What the task asks
When the line containing "Photo 10 of" is reached, include it and end there; set down verbatim every line before it, starting at the top of the records.

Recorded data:

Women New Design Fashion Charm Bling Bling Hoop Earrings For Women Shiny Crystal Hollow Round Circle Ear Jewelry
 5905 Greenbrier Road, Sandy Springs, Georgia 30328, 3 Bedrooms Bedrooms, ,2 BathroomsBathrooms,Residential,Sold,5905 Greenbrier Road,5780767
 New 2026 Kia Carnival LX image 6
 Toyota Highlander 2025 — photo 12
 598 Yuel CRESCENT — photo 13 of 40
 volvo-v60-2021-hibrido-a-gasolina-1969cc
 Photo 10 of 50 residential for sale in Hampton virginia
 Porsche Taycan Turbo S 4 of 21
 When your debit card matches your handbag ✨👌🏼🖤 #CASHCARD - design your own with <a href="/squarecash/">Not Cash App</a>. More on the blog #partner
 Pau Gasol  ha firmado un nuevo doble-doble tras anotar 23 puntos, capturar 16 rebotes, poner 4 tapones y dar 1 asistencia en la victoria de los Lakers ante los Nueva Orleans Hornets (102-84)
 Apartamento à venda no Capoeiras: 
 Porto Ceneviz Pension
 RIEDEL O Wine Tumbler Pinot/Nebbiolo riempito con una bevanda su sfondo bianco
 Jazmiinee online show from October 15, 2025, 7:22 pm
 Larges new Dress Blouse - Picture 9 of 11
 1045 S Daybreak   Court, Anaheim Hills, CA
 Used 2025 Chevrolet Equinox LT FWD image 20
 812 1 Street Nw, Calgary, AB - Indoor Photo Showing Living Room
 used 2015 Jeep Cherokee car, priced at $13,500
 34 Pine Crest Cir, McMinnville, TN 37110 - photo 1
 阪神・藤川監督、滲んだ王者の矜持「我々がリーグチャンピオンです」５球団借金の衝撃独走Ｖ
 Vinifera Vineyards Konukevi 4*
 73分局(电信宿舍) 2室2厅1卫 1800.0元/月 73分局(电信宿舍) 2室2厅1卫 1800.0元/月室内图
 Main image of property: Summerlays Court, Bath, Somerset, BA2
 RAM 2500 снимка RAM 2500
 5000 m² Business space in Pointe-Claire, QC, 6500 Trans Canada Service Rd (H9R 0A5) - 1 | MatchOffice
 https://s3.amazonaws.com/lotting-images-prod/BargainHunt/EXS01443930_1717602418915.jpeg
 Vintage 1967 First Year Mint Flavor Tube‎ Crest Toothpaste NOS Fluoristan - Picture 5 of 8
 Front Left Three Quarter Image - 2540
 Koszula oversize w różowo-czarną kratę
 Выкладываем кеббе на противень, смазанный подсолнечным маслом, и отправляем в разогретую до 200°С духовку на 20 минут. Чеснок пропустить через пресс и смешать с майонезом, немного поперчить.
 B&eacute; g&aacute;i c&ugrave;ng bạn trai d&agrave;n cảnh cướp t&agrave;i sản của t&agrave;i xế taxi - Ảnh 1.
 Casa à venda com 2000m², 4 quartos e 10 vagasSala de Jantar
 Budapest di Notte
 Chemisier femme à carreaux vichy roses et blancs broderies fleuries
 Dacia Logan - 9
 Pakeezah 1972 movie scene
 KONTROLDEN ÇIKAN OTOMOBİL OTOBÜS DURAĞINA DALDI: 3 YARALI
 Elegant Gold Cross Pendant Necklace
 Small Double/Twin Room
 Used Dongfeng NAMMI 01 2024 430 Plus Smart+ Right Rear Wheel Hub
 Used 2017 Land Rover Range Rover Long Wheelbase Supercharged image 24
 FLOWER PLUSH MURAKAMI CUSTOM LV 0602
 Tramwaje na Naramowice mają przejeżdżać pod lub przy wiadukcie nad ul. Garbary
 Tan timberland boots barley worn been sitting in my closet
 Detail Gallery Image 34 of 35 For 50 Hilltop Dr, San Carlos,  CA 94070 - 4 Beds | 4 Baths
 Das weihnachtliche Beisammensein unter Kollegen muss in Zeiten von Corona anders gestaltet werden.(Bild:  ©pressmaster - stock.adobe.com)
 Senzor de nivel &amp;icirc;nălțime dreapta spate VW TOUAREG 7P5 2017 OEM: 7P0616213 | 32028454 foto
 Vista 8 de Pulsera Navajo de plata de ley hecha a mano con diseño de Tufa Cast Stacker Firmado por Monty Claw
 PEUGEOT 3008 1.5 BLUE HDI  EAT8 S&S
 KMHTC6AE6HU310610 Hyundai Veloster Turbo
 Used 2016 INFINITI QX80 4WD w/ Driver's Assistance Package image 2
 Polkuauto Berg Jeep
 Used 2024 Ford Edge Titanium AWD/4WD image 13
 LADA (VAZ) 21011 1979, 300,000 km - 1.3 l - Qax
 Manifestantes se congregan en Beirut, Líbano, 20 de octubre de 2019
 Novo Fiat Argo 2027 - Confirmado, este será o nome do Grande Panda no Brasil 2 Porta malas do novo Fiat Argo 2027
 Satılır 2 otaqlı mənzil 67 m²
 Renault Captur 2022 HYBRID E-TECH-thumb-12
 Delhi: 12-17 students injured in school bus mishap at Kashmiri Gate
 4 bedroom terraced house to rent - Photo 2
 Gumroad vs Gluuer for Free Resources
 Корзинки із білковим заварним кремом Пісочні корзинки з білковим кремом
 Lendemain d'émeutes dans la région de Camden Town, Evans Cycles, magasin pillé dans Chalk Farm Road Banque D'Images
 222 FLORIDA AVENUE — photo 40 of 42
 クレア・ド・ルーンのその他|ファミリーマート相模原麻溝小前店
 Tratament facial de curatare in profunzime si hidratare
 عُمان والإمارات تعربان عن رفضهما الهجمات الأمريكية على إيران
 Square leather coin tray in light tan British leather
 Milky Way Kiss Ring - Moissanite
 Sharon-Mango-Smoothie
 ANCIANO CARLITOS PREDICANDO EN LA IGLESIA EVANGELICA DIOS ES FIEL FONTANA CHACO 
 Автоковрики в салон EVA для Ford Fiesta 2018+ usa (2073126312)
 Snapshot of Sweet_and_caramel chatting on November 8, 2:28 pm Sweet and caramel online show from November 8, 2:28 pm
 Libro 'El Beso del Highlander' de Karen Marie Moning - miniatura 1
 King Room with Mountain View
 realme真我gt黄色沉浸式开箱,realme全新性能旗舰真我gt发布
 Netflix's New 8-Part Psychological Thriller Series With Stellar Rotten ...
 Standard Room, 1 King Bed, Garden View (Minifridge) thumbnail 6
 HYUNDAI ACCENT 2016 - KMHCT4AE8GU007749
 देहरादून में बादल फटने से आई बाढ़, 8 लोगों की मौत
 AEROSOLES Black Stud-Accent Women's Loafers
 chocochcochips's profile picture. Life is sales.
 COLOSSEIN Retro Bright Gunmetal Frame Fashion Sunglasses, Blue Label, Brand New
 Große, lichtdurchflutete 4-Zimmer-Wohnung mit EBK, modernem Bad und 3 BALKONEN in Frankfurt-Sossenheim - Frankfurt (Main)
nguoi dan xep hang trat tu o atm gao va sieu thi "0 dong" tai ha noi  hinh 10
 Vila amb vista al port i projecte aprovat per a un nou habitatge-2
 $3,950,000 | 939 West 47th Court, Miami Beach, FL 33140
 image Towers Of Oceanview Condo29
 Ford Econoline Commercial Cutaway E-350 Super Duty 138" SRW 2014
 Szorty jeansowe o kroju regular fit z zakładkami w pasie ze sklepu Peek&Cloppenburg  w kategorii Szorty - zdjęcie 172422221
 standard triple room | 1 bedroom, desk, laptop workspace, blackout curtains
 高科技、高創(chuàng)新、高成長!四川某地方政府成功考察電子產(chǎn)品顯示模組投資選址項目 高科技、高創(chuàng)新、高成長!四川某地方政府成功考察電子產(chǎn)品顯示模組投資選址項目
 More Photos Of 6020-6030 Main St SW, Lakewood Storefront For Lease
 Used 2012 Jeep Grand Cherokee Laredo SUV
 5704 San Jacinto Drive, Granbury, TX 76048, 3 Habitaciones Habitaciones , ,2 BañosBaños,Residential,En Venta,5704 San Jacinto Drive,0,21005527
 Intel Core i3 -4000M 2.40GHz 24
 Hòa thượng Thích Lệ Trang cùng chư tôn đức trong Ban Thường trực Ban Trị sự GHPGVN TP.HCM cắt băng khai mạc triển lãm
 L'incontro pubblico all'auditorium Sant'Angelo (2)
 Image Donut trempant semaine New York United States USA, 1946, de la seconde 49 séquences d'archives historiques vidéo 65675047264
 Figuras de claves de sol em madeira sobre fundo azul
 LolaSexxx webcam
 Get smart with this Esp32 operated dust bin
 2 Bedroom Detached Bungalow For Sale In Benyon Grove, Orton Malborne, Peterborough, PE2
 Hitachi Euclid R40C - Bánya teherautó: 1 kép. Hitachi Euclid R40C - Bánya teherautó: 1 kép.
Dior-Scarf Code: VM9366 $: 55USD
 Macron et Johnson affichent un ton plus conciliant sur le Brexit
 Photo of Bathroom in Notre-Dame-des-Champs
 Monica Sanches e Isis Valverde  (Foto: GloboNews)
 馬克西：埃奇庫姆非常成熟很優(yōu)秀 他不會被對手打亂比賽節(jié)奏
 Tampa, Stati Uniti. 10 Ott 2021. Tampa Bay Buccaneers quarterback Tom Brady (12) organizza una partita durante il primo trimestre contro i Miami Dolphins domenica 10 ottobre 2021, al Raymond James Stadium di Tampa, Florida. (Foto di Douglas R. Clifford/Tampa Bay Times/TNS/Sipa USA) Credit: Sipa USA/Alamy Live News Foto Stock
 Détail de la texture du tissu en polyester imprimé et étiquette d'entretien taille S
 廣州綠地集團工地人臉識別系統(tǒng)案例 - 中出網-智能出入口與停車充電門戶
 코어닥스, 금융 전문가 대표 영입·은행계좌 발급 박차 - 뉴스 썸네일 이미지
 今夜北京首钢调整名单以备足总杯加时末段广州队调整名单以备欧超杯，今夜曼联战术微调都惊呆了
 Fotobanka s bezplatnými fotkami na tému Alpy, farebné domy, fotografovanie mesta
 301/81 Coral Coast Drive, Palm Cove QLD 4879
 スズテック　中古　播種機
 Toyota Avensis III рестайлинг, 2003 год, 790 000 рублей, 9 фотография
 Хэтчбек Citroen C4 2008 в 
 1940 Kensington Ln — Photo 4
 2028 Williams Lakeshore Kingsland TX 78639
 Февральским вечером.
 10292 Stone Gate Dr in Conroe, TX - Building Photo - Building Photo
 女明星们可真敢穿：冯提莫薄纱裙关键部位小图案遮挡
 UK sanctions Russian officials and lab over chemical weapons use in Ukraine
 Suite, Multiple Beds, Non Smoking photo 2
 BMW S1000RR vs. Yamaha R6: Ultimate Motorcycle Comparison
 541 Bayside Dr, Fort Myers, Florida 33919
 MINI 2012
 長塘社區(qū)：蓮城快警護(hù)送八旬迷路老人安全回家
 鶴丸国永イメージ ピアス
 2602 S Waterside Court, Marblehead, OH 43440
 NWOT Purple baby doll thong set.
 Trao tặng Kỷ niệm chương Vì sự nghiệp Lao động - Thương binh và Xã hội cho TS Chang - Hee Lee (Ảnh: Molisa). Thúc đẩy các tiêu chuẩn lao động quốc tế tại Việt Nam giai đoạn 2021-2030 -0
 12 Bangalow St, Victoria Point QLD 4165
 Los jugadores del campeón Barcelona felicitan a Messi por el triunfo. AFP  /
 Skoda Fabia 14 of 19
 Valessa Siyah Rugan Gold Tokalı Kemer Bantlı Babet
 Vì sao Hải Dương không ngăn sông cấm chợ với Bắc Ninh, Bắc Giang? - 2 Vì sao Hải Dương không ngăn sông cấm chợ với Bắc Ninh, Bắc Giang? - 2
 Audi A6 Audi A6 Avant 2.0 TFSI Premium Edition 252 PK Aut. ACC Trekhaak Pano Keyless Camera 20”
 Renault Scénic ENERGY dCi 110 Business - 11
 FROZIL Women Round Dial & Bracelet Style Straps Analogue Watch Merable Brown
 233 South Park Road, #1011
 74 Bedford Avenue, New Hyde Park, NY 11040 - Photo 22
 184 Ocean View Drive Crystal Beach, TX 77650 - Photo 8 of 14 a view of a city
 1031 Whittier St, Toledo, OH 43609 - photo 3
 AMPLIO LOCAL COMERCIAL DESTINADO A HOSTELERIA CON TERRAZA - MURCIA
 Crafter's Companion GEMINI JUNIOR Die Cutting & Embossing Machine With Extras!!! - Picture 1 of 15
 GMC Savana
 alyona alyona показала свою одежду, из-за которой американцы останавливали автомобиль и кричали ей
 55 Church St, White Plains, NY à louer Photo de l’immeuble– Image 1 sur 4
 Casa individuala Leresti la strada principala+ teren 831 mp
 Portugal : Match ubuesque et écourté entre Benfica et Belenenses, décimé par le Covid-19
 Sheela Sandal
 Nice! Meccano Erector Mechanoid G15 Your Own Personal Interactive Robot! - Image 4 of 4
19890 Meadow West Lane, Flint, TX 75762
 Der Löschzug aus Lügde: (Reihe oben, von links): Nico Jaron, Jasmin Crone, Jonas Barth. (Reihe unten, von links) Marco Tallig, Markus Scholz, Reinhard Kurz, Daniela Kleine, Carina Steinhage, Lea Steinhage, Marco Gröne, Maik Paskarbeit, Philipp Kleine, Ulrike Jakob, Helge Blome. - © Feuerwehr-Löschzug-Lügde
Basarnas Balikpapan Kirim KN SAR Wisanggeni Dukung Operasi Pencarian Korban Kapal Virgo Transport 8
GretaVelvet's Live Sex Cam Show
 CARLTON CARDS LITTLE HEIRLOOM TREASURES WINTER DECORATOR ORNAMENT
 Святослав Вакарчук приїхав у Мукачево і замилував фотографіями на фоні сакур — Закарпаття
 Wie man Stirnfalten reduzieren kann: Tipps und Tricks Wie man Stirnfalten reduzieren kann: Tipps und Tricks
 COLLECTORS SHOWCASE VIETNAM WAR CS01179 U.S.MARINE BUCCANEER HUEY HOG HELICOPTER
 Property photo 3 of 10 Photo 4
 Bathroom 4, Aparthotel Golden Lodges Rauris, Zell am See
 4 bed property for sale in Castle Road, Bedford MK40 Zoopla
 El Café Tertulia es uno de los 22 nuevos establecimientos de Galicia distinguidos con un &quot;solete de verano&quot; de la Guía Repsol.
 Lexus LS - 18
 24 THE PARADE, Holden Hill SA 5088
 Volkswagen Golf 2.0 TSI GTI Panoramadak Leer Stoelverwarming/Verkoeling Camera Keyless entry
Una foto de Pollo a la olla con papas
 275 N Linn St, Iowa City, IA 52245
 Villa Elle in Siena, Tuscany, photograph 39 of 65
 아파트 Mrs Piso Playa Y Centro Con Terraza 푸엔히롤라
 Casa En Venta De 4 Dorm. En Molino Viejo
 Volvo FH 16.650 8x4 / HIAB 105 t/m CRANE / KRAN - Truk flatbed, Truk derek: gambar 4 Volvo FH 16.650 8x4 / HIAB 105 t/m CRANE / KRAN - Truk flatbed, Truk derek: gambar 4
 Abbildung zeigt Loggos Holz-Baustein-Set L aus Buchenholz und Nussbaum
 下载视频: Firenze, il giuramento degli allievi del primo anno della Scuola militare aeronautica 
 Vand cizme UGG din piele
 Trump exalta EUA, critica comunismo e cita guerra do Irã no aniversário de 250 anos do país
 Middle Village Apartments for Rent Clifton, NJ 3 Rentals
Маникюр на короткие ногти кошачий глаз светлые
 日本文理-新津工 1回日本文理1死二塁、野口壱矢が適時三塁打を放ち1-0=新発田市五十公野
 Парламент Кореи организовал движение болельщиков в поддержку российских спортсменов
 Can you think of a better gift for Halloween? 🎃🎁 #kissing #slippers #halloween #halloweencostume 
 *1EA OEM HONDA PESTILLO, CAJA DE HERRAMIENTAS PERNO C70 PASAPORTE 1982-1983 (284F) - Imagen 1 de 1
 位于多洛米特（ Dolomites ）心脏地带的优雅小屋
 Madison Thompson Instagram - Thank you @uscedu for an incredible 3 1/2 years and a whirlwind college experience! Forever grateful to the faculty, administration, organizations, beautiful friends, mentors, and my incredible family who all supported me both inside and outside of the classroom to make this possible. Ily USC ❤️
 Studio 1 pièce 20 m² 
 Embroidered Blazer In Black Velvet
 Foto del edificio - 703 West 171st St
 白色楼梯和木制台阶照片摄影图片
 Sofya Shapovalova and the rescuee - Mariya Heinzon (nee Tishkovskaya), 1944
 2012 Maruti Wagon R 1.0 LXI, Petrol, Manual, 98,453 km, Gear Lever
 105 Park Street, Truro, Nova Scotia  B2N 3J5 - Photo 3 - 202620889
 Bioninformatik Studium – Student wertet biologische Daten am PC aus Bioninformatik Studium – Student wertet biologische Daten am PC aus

Response to this task
Women New Design Fashion Charm Bling Bling Hoop Earrings For Women Shiny Crystal Hollow Round Circle Ear Jewelry
 5905 Greenbrier Road, Sandy Springs, Georgia 30328, 3 Bedrooms Bedrooms, ,2 BathroomsBathrooms,Residential,Sold,5905 Greenbrier Road,5780767
 New 2026 Kia Carnival LX image 6
 Toyota Highlander 2025 — photo 12
 598 Yuel CRESCENT — photo 13 of 40
 volvo-v60-2021-hibrido-a-gasolina-1969cc
 Photo 10 of 50 residential for sale in Hampton virginia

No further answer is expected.